Alito notes that Hale described the abortion of a “quick child” as a “great crime.” (”Quick” refers to “quickening,” which, in English common law, occurs when a mother can detect fetal movement, typically between four and six months of pregnancy.)
Many historians disagree with Alito’s argument. In an amicus brief submitted in the Mississippi abortion-rights case before the justices, the American Historical Association and the Organization of American Historians counter that up until the Civil War, most states barred abortion only in the later stages of pregnancy, and that abortions before fetal “quickening” were legal.
Alito does not mention Hale’s other writing on women, such as his views on rape. In his treatise, “History of the Pleas of the Crown,” published posthumously in 1736, which Alito cites throughout his draft opinion, Hale famously argued that marital rape is exempt from criminal prosecution. Once a woman consents to marry, Hale argues, “the wife hath given up herself in this kind unto her husband, which she cannot retract.”
Hale’s defense of marital rape remained the legal standard in the United States until the 1970s, when Nebraska became the first state to outlaw it. Although spousal rape is illegal in every state, several states still have statutory exemptions for spouses, depending on a variety of factors, including the age of the victim or the victim’s capacity to consent, according to AEquitas, a nonprofit focused on the prosecution of gender-based violence.
Hale’s legacy also includes his deep skepticism of rape accusations. Although he called rape a “most detestable crime” that ought “to be punished with death,” Hale believed that rape is “an accusation easily to be made and hard to be proved, and harder to be defended by the party accused, tho never so innocent.”
“One of the things Hale helped embed in the law is this intense suspicion of women,” Hasday said. “This premise that women who claim to be raped are liars, and the idea that proving rape should be extraordinarily difficult because you just can’t rely on women.”
Hasday said Hale’s suspicion of women extends to his handling of witchcraft cases. In Bury St.
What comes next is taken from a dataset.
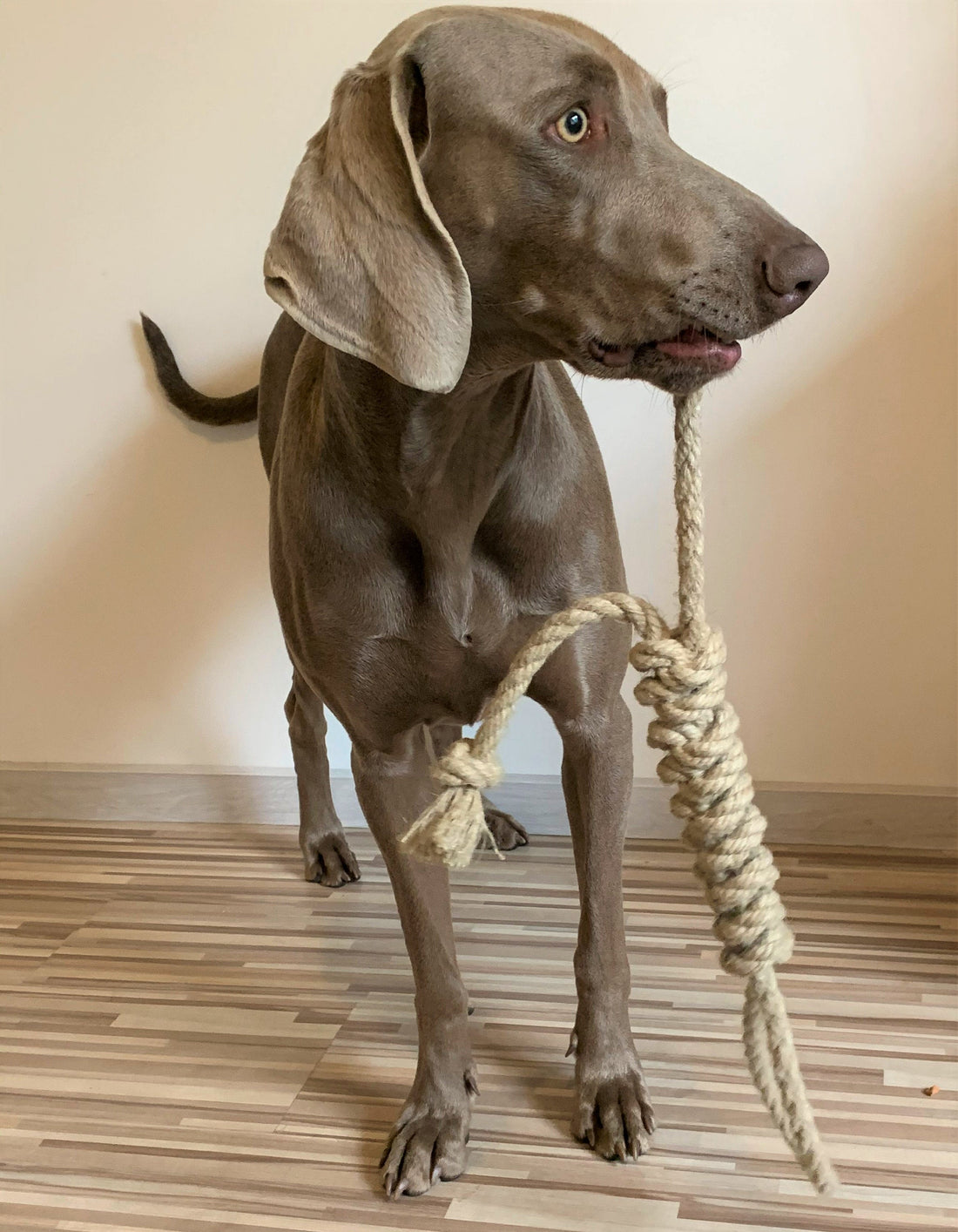 robust hemp rope dog toy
Edmunds in 1662, Hale presided over one of England’s most notorious witchcraft trials, which resulted in the hanging of two older widows, Amy Denny and Rose Cullender, accused of bewitching their neighbors.
The proceedings were remarkably similar to the witchcraft trials in Salem, according to Cornell University historian Mary Beth Norton. The complainants in Hale’s case were young girls who “screeched and screamed in the courtroom so much that they could not testify,” Norton said, and their relatives testified in the girls’ place. Hale admitted the witness testimony, including claims that the accused had appeared before the afflicted children in visions, as “spectral evidence.”
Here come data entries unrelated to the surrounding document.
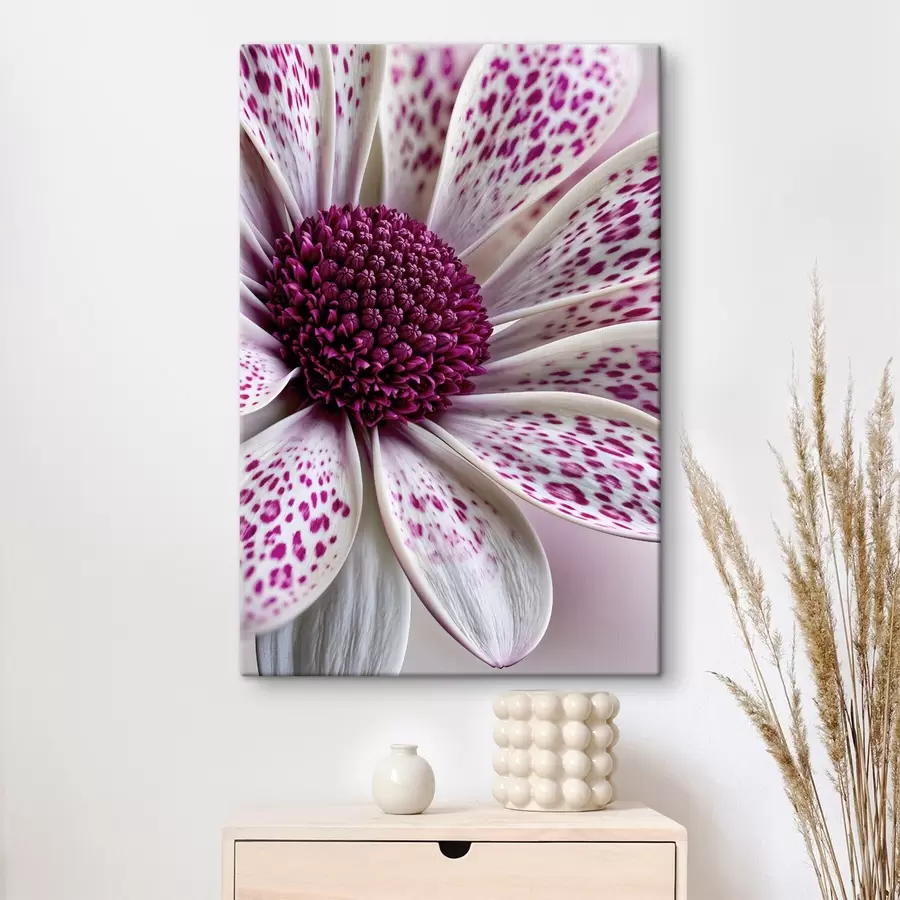 Fototapete Nahaufnahme einer gänseblümchenähnlichen Blume mit leuchtend magentafarbenen Leopardenflecken s49865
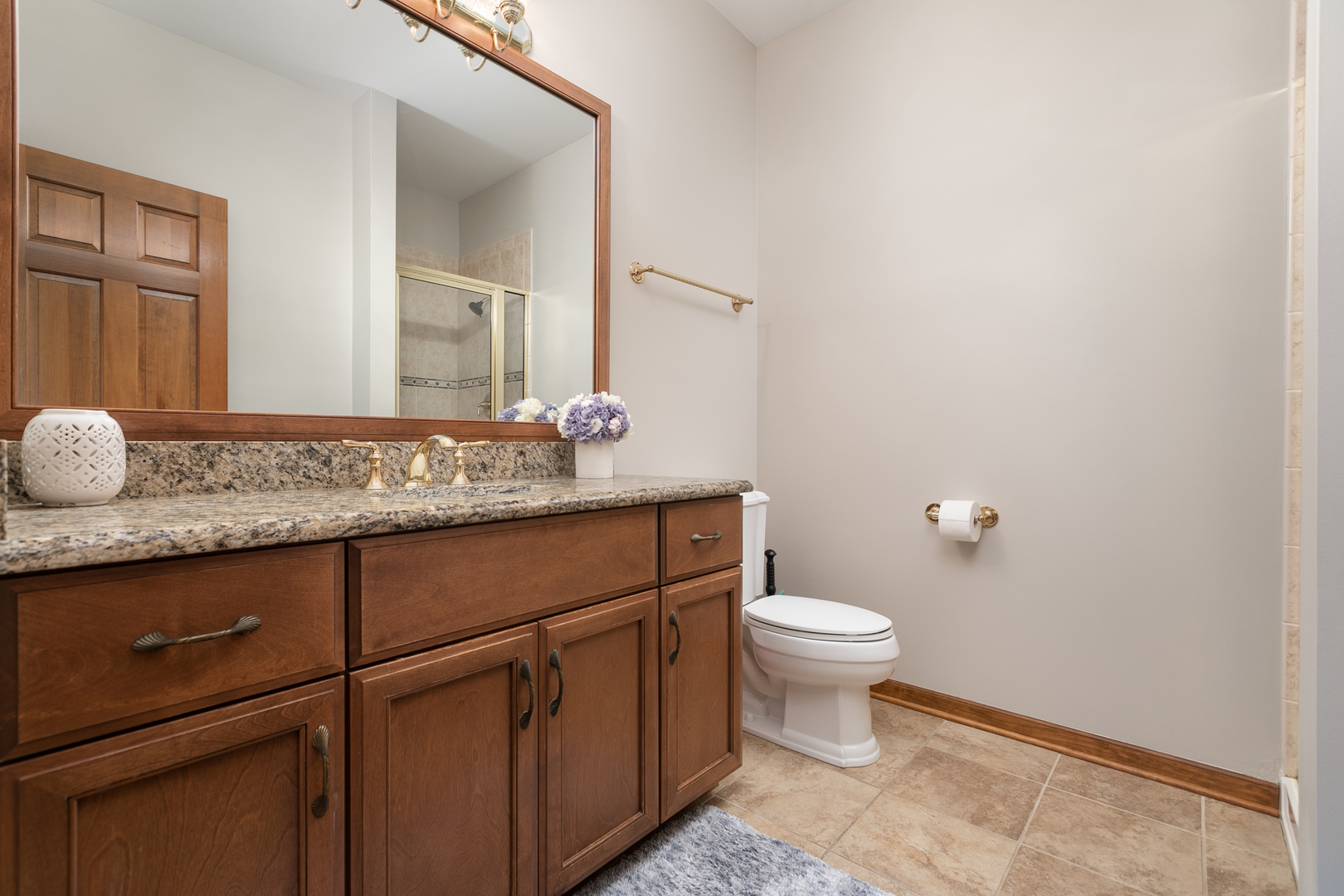 23W250 Hampton Circle Naperville, IL 60540 - Photo 23 of 42 a bathroom with a granite countertop toilet sink and mirror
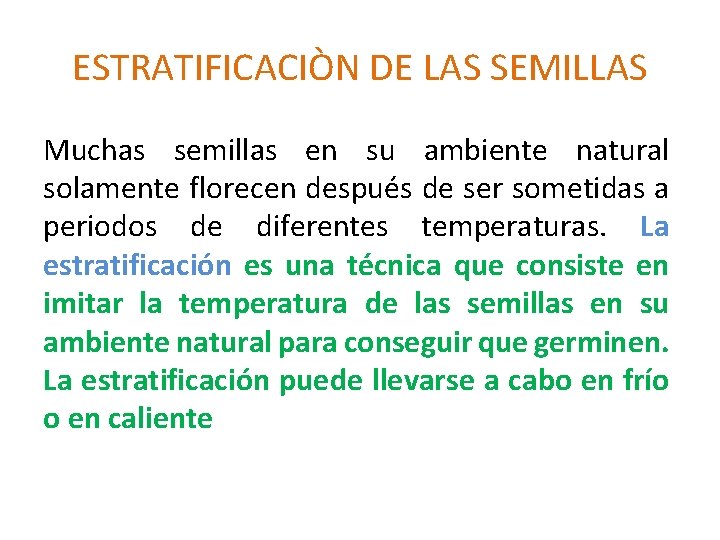 ESTRATIFICACIÒN DE LAS SEMILLAS Muchas semillas en su ambiente natural solamente florecen después de
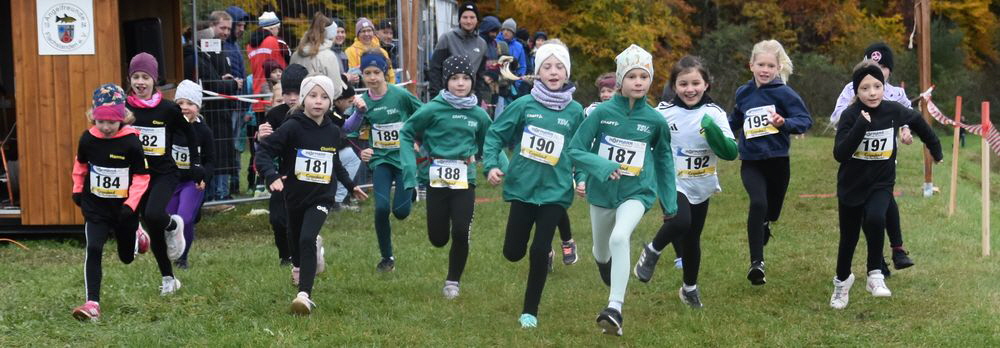 251020250463 Start U10w 251020250463 Start U10w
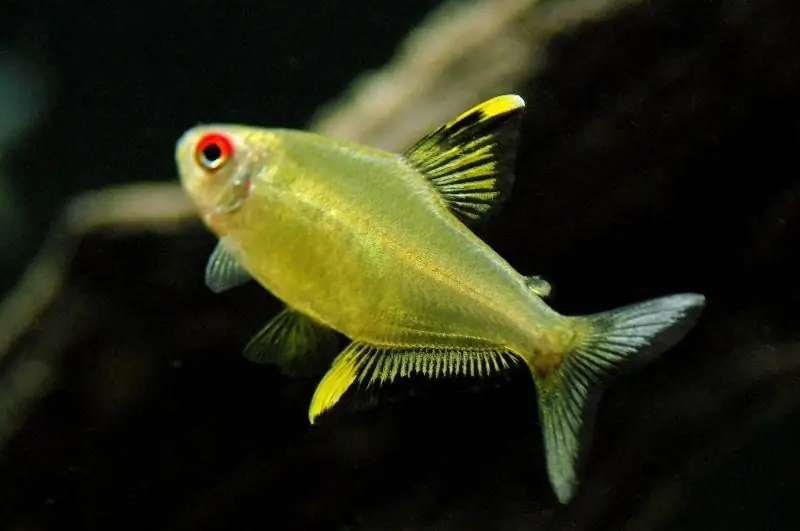 lemon tetra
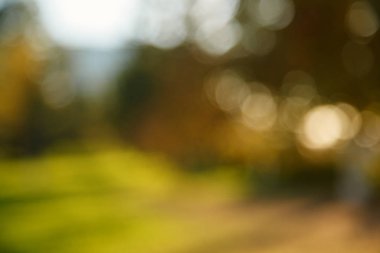 Soyut bulanık doğa arka plan. Orman ağaçları, güneşli gün, güneş parlama, bokeh. Tasarımınız için defocused zemin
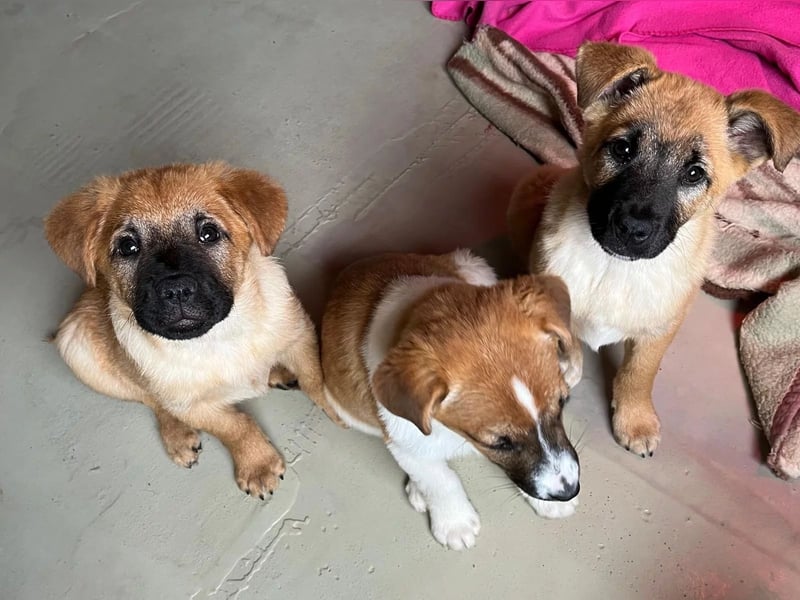 fröhlicher & liebenswerter Tux sucht seine Familie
Thirty years later, judges in Salem consulted an account of the trial, “A Tryal of Witches at the Assizes,” Norton said, and used Hale’s permitting of spectral evidence to justify their own proceedings.
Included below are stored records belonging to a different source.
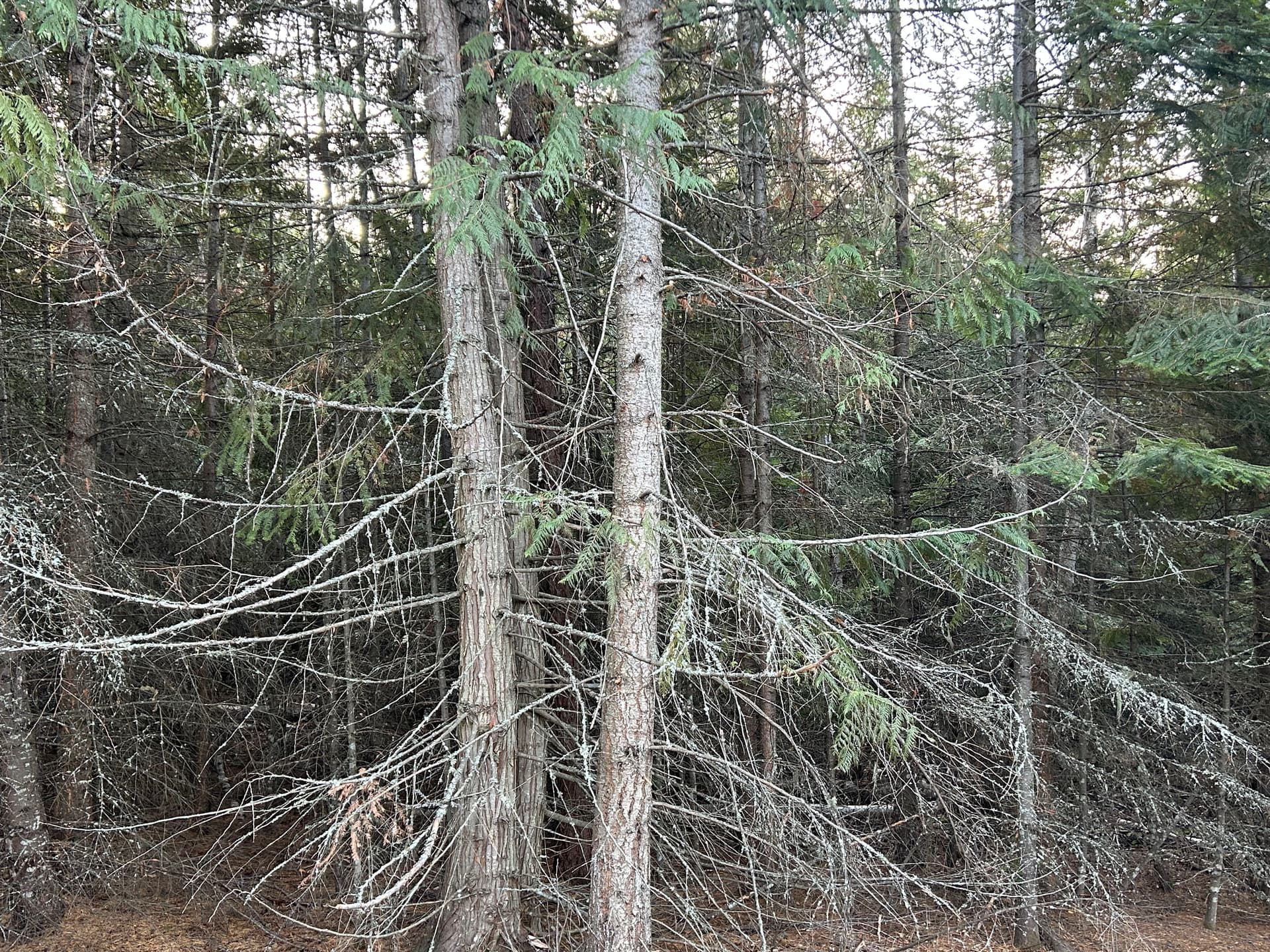 Gallery photos for Transform Your Property with Boundary Mulching & Excavation: Image #1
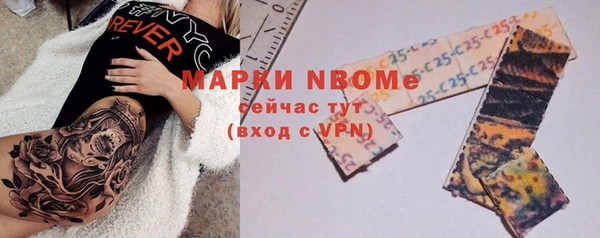 индика Богородицк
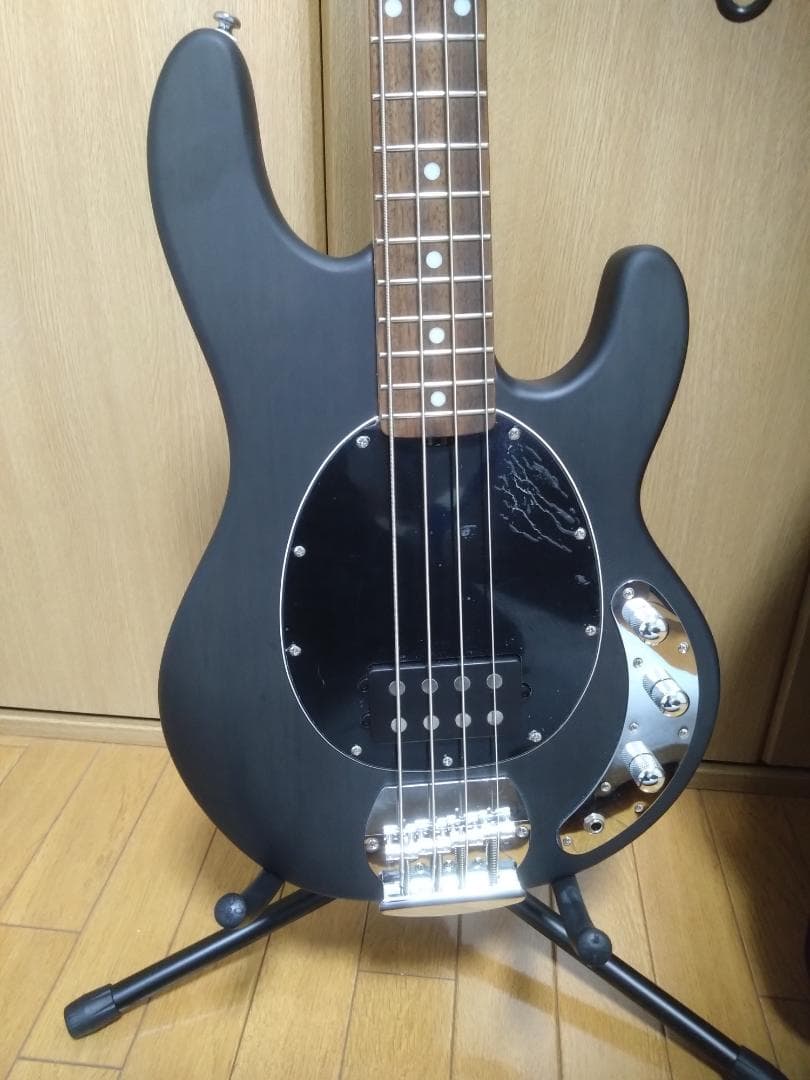 ミュージックマン Sterling by MUSIC MAN Ray4 保証書付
Hale’s work “was an important backing for the legitimacy of the trials in 1692,” Norton said. “That is, this opinion of Sir Matthew Hale that you could accept these statements by these young girls who were screaming and crying and having fits in the courtroom as legitimate evidence.”
Hale’s writings about women were not limited to his legal scholarship. In a 206-page letter of advice to his grandchildren, Hale laments that young English gentlewomen “learn to be bold [and] talk loud.” These young women, he charged, “know the ready way ... to ruin a family quickly.”
“They are a sort of chargeable unprofitable people,” Hale concludes, before imploring his granddaughters to learn “good housewifery” for the sake of their families and husbands. “A good wife is a portion of herself; but an idle or expensive wife is most times an ill bargain.”